Before long we met Jean-Claude  (who lodges with Andree next door) returning from his early morning hunt – gun broken over his arm and with his Brittany Spaniel still working the woods beside him.  I managed Bonjour, and then had to mime as to whether his hunt had been successful.  Smilingly he produced a hen pheasant from one of the deep pockets in his coat. I was lost for any more French other than délicieuse – and a waving Jean-Claude returned home with his prize whilst we carried on..

I have fitted Phoebe with a set of bells to her collar like Jean-Claude’s dog.  It makes it so much easier to keep track of where she is and what she is doing, and is a pleasant accompaniment to our explorations.  We passed silent, thick-set Limousin horned cattle,  staring curiously through the misty woodland, and a few horses.  A builder was working in the distance on a barn, and the muffled echo of his hammering rang out through the silence.  Jays cried from the thicker parts of the woods, and, as most other mornings, we saw the resident buzzard sweep from tree to tree as we passed by his territory.  Plus the smell of woodsmoke when one passed a silent cottage made some lovely memories for the mind’s eye.

There are many things I have found to like about France other than its slightly old-fashioned ways and beautiful scenery. Obviously the food is wonderful, and the pace of life relaxing, but then other silly little things – like the way milk comes in milk-bottle shaped bottles.  Not wobbly plastic handled containers or awkward cardboard cartons, but something you can get your hand round and which pours easily.  I had forgotten the pleasure of pouring milk from a bottle.
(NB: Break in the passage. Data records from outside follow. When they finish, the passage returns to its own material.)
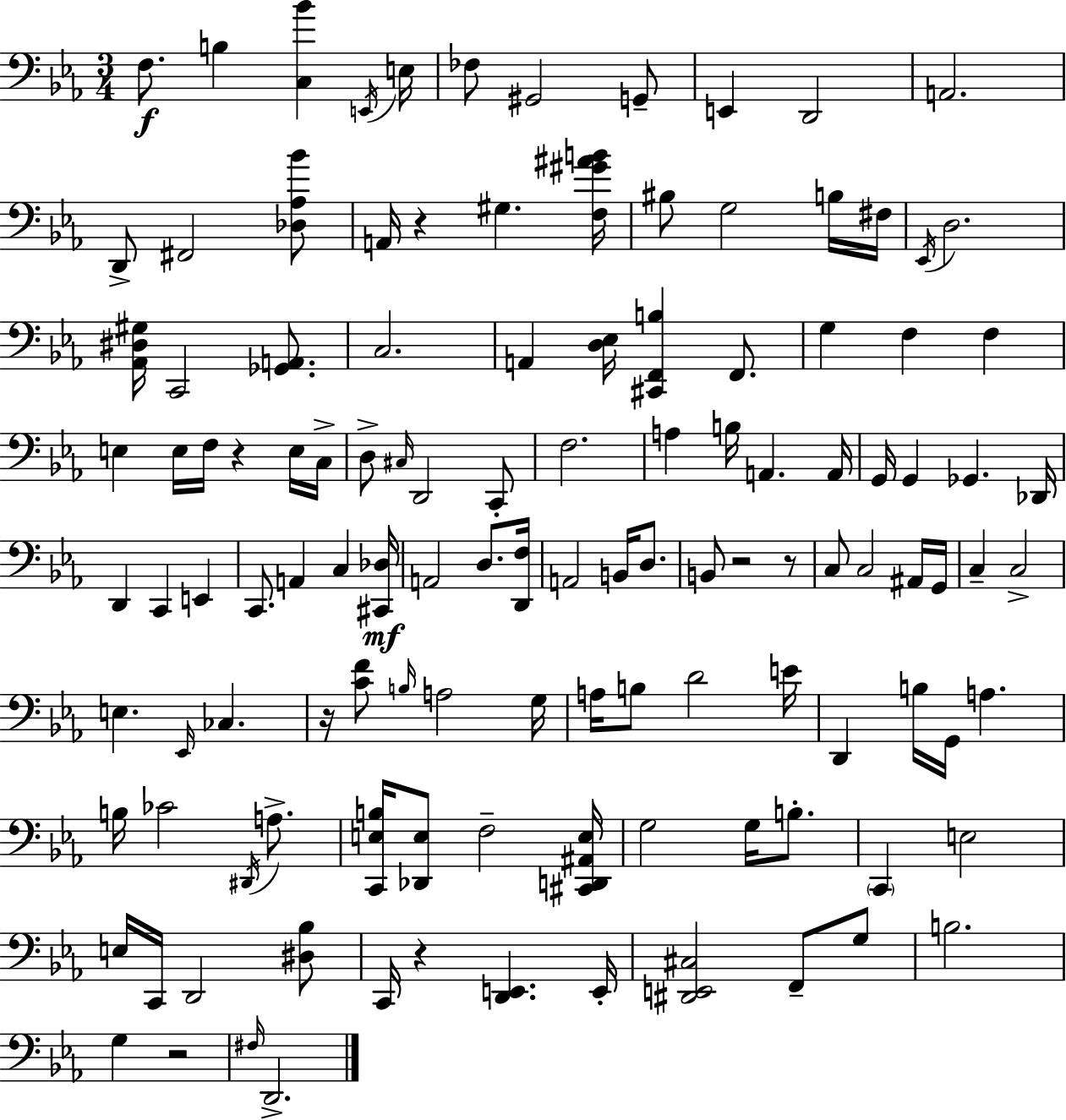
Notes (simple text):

F3/e. B3/q [C3,Bb4]/q E2/s E3/s FES3/e G#2/h G2/e E2/q D2/h A2/h. D2/e F#2/h [Db3,Ab3,Bb4]/e A2/s R/q G#3/q. [F3,G#4,A#4,B4]/s BIS3/e G3/h B3/s F#3/s Eb2/s D3/h. [Ab2,D#3,G#3]/s C2/h [Gb2,A2]/e. C3/h. A2/q [D3,Eb3]/s [C#2,F2,B3]/q F2/e. G3/q F3/q F3/q E3/q E3/s F3/s R/q E3/s C3/s D3/e C#3/s D2/h C2/e F3/h. A3/q B3/s A2/q. A2/s G2/s G2/q Gb2/q. Db2/s D2/q C2/q E2/q C2/e. A2/q C3/q [C#2,Db3]/s A2/h D3/e. [D2,F3]/s A2/h B2/s D3/e. B2/e R/h R/e C3/e C3/h A#2/s G2/s C3/q C3/h E3/q. Eb2/s CES3/q. R/s [C4,F4]/e B3/s A3/h G3/s A3/s B3/e D4/h E4/s D2/q B3/s G2/s A3/q. B3/s CES4/h D#2/s A3/e. [C2,E3,B3]/s [Db2,E3]/e F3/h [C#2,D2,A#2,E3]/s G3/h G3/s B3/e. C2/q E3/h E3/s C2/s D2/h [D#3,Bb3]/e C2/s R/q [D2,E2]/q. E2/s [D#2,E2,C#3]/h F2/e G3/e B3/h. G3/q R/h F#3/s D2/h. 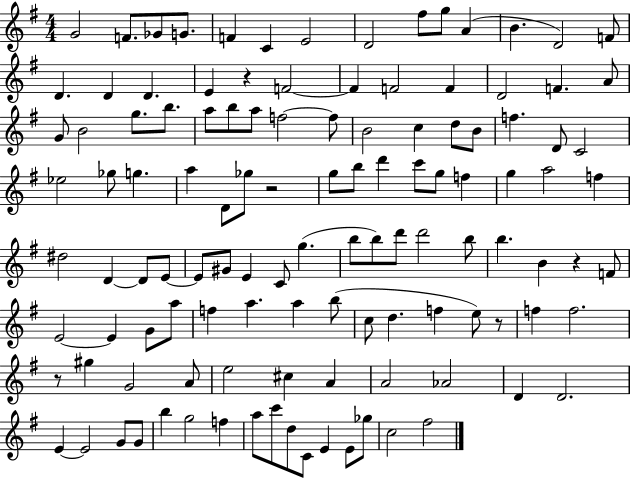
{
  \clef treble
  \numericTimeSignature
  \time 4/4
  \key g \major
  g'2 f'8. ges'8 g'8. | f'4 c'4 e'2 | d'2 fis''8 g''8 a'4( | b'4. d'2) f'8 | \break d'4. d'4 d'4. | e'4 r4 f'2~~ | f'4 f'2 f'4 | d'2 f'4. a'8 | \break g'8 b'2 g''8. b''8. | a''8 b''8 a''8 f''2~~ f''8 | b'2 c''4 d''8 b'8 | f''4. d'8 c'2 | \break ees''2 ges''8 g''4. | a''4 d'8 ges''8 r2 | g''8 b''8 d'''4 c'''8 g''8 f''4 | g''4 a''2 f''4 | \break dis''2 d'4~~ d'8 e'8~~ | e'8 gis'8 e'4 c'8 g''4.( | b''8 b''8) d'''8 d'''2 b''8 | b''4. b'4 r4 f'8 | \break e'2~~ e'4 g'8 a''8 | f''4 a''4. a''4 b''8( | c''8 d''4. f''4 e''8) r8 | f''4 f''2. | \break r8 gis''4 g'2 a'8 | e''2 cis''4 a'4 | a'2 aes'2 | d'4 d'2. | \break e'4~~ e'2 g'8 g'8 | b''4 g''2 f''4 | a''8 c'''8 d''8 c'8 e'4 e'8 ges''8 | c''2 fis''2 | \break \bar "|."
} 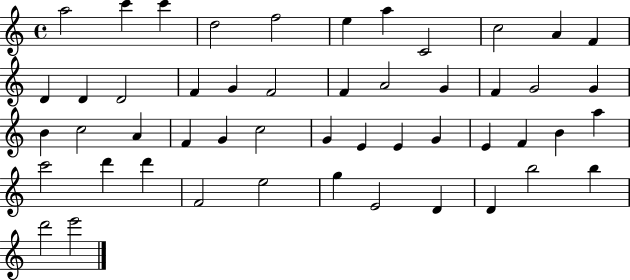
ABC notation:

X:1
T:Untitled
M:4/4
L:1/4
K:C
a2 c' c' d2 f2 e a C2 c2 A F D D D2 F G F2 F A2 G F G2 G B c2 A F G c2 G E E G E F B a c'2 d' d' F2 e2 g E2 D D b2 b d'2 e'2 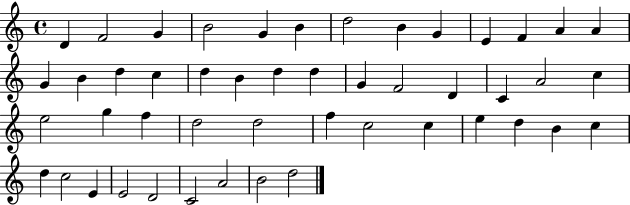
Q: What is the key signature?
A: C major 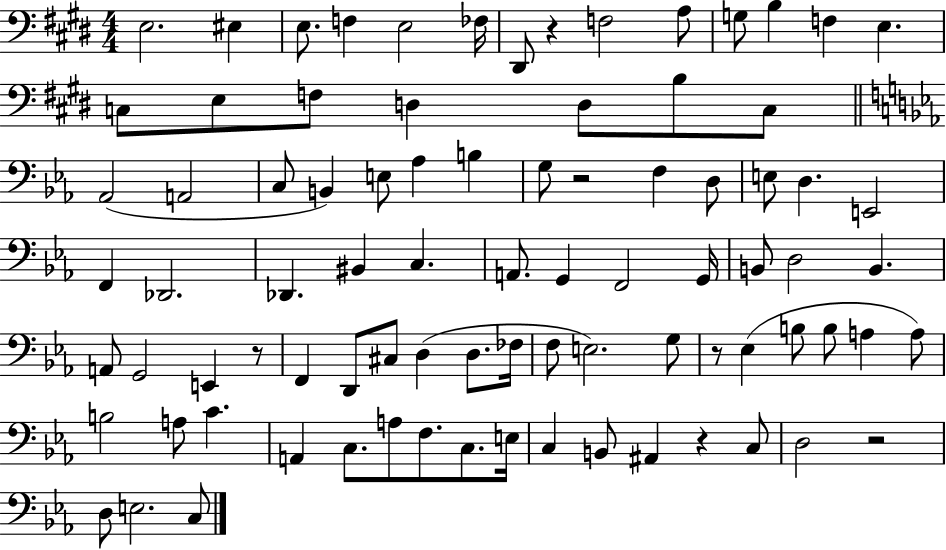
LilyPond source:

{
  \clef bass
  \numericTimeSignature
  \time 4/4
  \key e \major
  e2. eis4 | e8. f4 e2 fes16 | dis,8 r4 f2 a8 | g8 b4 f4 e4. | \break c8 e8 f8 d4 d8 b8 c8 | \bar "||" \break \key c \minor aes,2( a,2 | c8 b,4) e8 aes4 b4 | g8 r2 f4 d8 | e8 d4. e,2 | \break f,4 des,2. | des,4. bis,4 c4. | a,8. g,4 f,2 g,16 | b,8 d2 b,4. | \break a,8 g,2 e,4 r8 | f,4 d,8 cis8 d4( d8. fes16 | f8 e2.) g8 | r8 ees4( b8 b8 a4 a8) | \break b2 a8 c'4. | a,4 c8. a8 f8. c8. e16 | c4 b,8 ais,4 r4 c8 | d2 r2 | \break d8 e2. c8 | \bar "|."
} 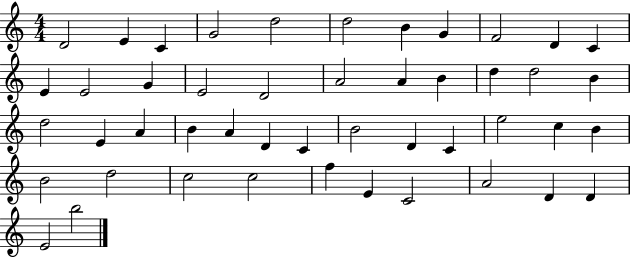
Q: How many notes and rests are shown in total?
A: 47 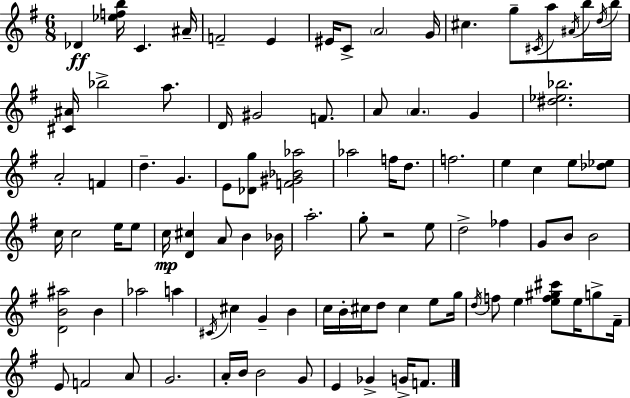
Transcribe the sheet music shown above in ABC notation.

X:1
T:Untitled
M:6/8
L:1/4
K:Em
_D [_efb]/4 C ^A/4 F2 E ^E/4 C/2 A2 G/4 ^c g/2 ^C/4 a/2 ^A/4 b/4 d/4 b/4 [^C^A]/4 _b2 a/2 D/4 ^G2 F/2 A/2 A G [^d_e_b]2 A2 F d G E/2 [_Dg]/2 [F^G_B_a]2 _a2 f/4 d/2 f2 e c e/2 [_d_e]/2 c/4 c2 e/4 e/2 c/4 [D^c] A/2 B _B/4 a2 g/2 z2 e/2 d2 _f G/2 B/2 B2 [DB^a]2 B _a2 a ^C/4 ^c G B c/4 B/4 ^c/4 d/2 ^c e/2 g/4 d/4 f/2 e [ef^g^c']/2 e/4 g/2 ^F/4 E/2 F2 A/2 G2 A/4 B/4 B2 G/2 E _G G/4 F/2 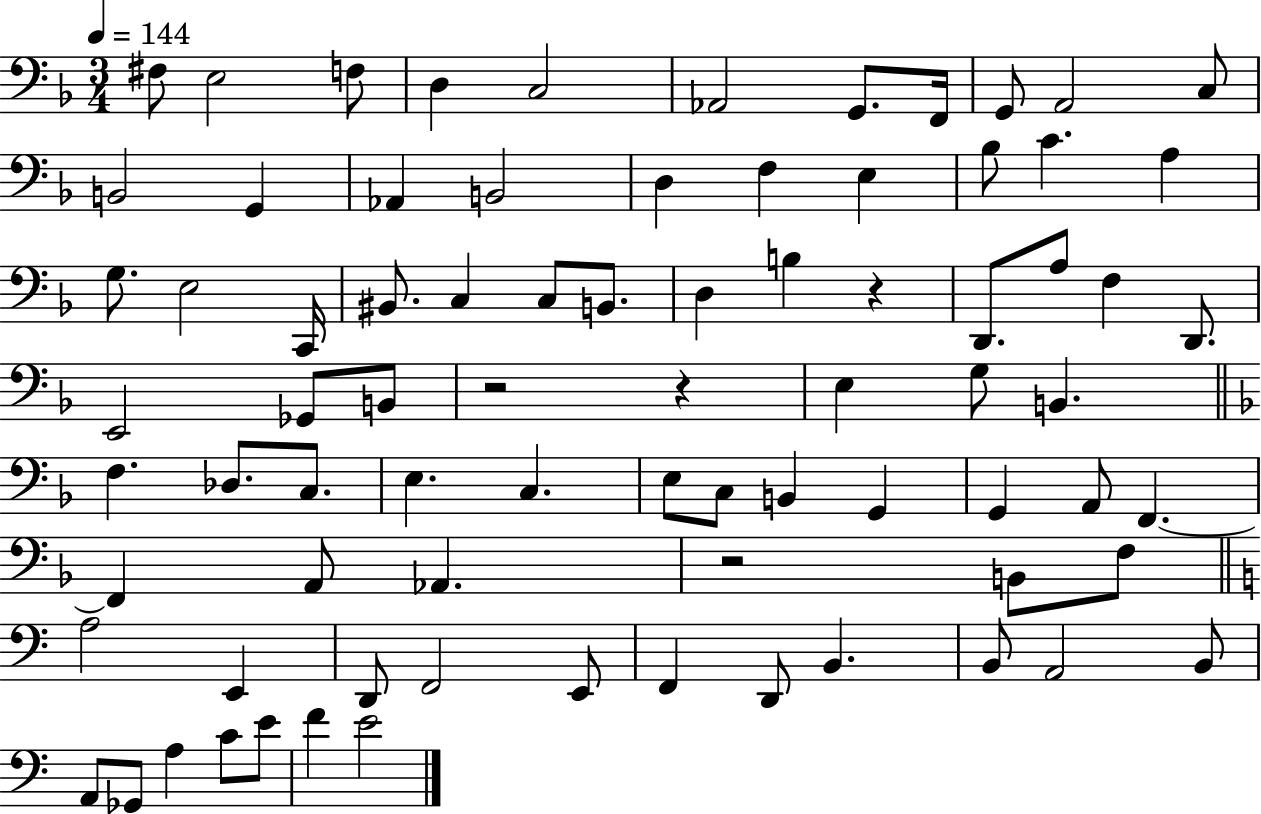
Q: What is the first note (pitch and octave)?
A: F#3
In the afternoon we walked in the opposite direction on the cycleway.  Still beautifully quiet and wooded, but this time with more lakes closer to the path.



And several fields of goats, the ones nearest to the path with signs not to feed them.  I like that.  An area with so many goats that it is worth commercially producing signs telling you not to feed them.  A couple of the nannies looked EXCEEDINGLY fat, but I don’t think it was over-feeding, and I before I leave there will be kids.  I wonder whether they allow them to stay with the nannies or not?




As we returned home, late in the afternoon silence, several times I could hear rustling amount the leaves, and thinking it was a wood mouse I stopped to see.  And this is what appeared after a few minutes of watching.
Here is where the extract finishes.